Rather, I would suggest the truth is a little more nuanced. In the run-up to the Duma elections and then the 2018 presidentials, at a time of growing tension in the Moscow elite and also between Moscow and the regions, Putin is looking to renovate the regional cadres and reaffirm central control. The governors and the polpredy are crucial to this process on the political level, just as the National Guard is on a coercive one.

So he is casting about for candidates he feels he can trust, who are honest (enough), loyal (enough) and efficient (enough). In part, this means not just the uniformed services but the ones he knows personally; it is striking, for example, not just how he now turns more often to the FSO even than the FSB, proportionate to the size of the respective agencies, but also that he no longer seems to be appointing soldiers.

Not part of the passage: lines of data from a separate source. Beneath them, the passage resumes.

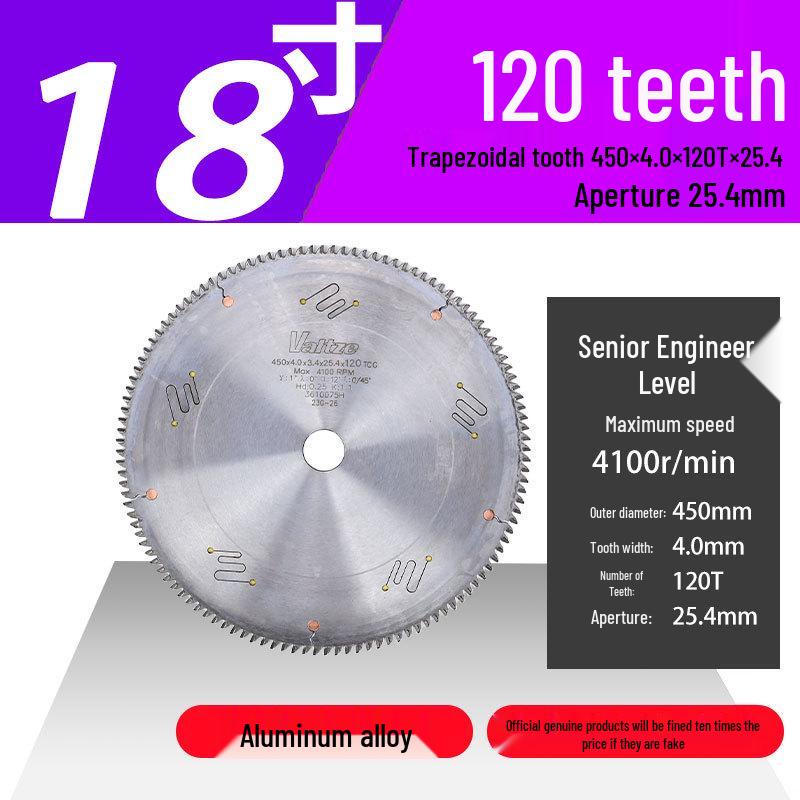 Jindian Professional Aluminum Alloy Saw Blade - 7, 10, 12 inch, 120 Teeth for Cutting Aluminum Profiles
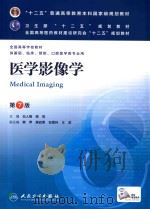 医学影像学 1984 PDF电子版封面 7117172029 白人驹,徐克主编
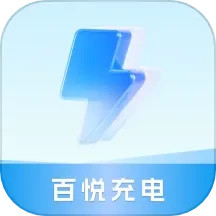 百悦充电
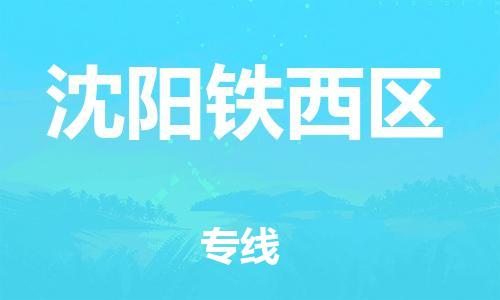 新豐縣到沈陽鐵西區(qū)危險(xiǎn)品物流-新豐縣到沈陽鐵西區(qū)危險(xiǎn)品運(yùn)輸專線-涂料樹脂專業(yè)貨運(yùn)歡迎訪問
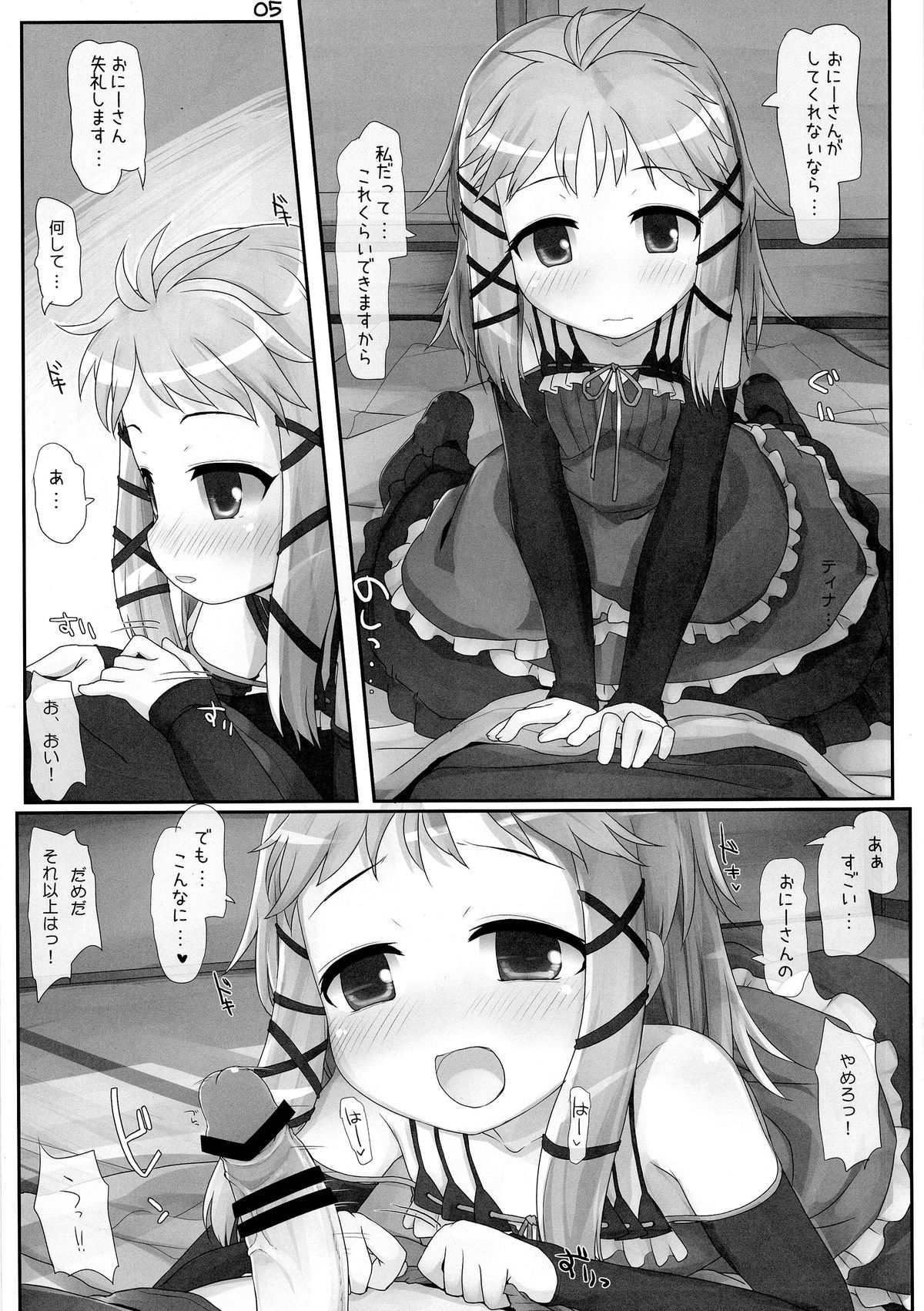 05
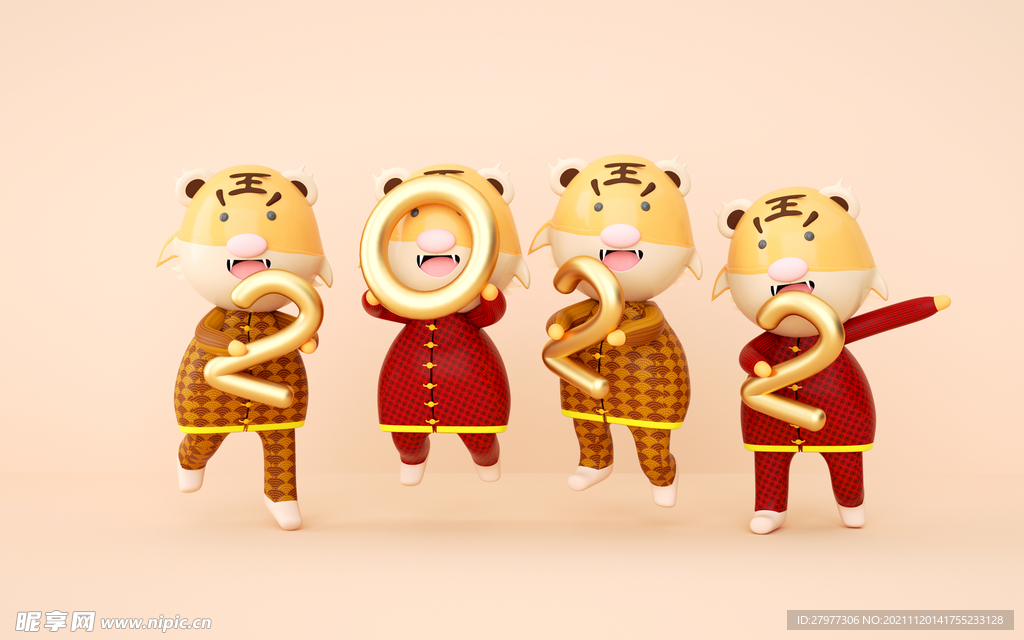 2022虎年形象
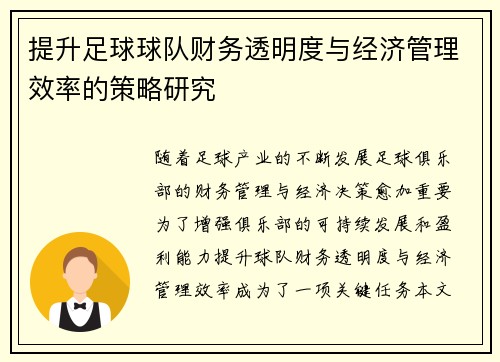 提升足球球队财务透明度与经济管理效率的策略研究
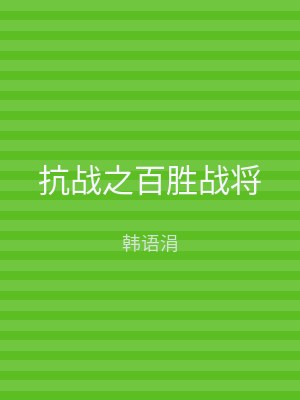 抗战之百胜战将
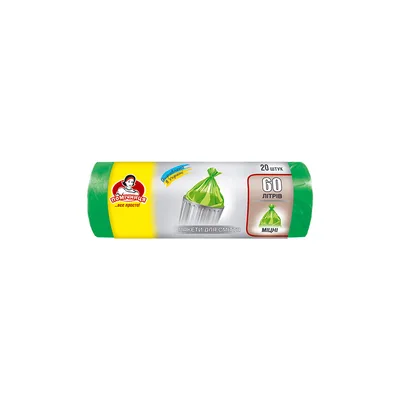 Пакети для сміття Помічниця 60 л 20 шт. (4820012340170)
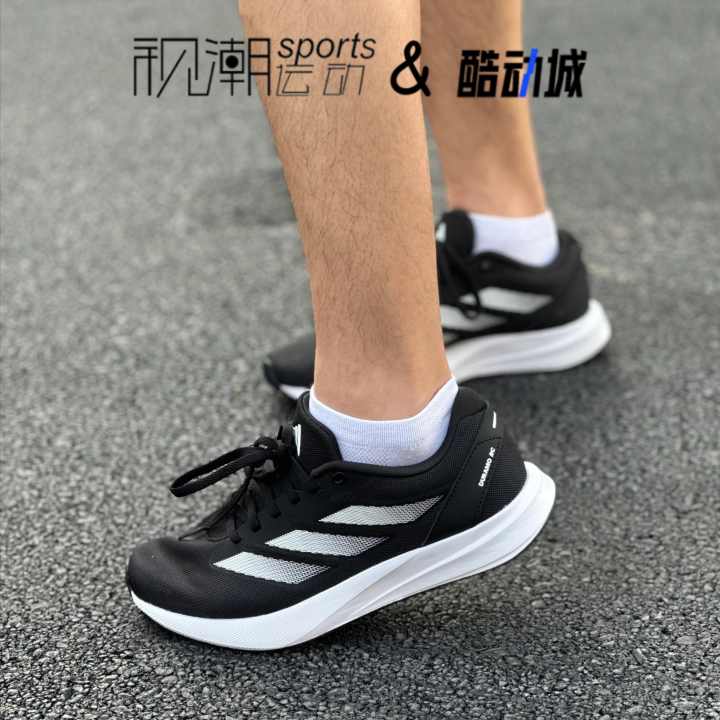 Adidas阿迪达斯Duramo RC黑白男女缓震短跑训练竞速跑步鞋ID2704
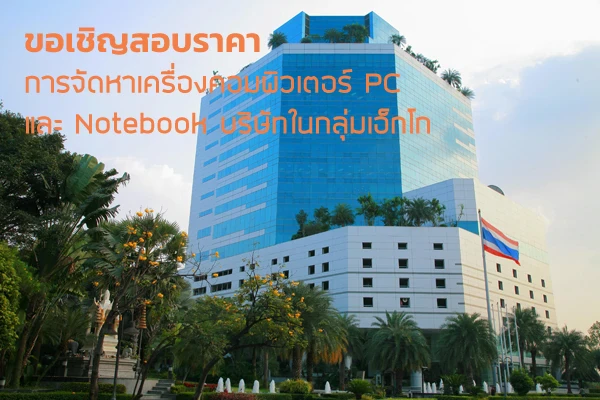 ขอเชิญสอบราคาการจัดหาเครื่องคอมพิวเตอร์ PC และ Notebook บริษัทในกลุ่มเอ็กโก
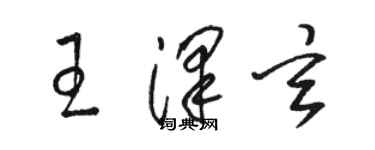 駱恆光王澤玄草書個性簽名怎么寫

With the exception of new North-Western Federal District polpred Nikolai Tsukanov, around whom a reasonable cloud of scandals swirl, most of the rest do share a reputation for a degree of efficiency that elevates them from their peers. None of them could be called liberals or freethinkers, necessarily, but nor are they all close-minded Kremlin clones. Some (notably new North Caucasus polpred Oleg Belaventsev and his Siberian counterpart Sergei Menyailo) are meant to be close to Sergei Shoigu. Others (including Vasil’ev) are meant to have an almost Medvedevian belief in the importance of rule of (tough) law, and for that matter Dmitri Ovsyannikov, who moves from deputy minister for trade and industry to governor of Sevastopol, was given his big break by Medvedev. (He was presumably appointed to try and do something about the city’s economy, after all.)

Putin generally and genuinely believes his “new aristocracy” of security officers are more likely to be loyal and efficient, but I think to believe that what we are seeing “The Men in Epaulets Take Over” mistakes cause and effect. Putin is indeed looking to remont, to repair the Power Vertical and he may look first to the siloviki for the human resources he needs, but he will also look beyond. I suspect this is a man building a new regional elite, likely also with an eye to a post-2018 order, not rewarding “his boys” willy-nilly.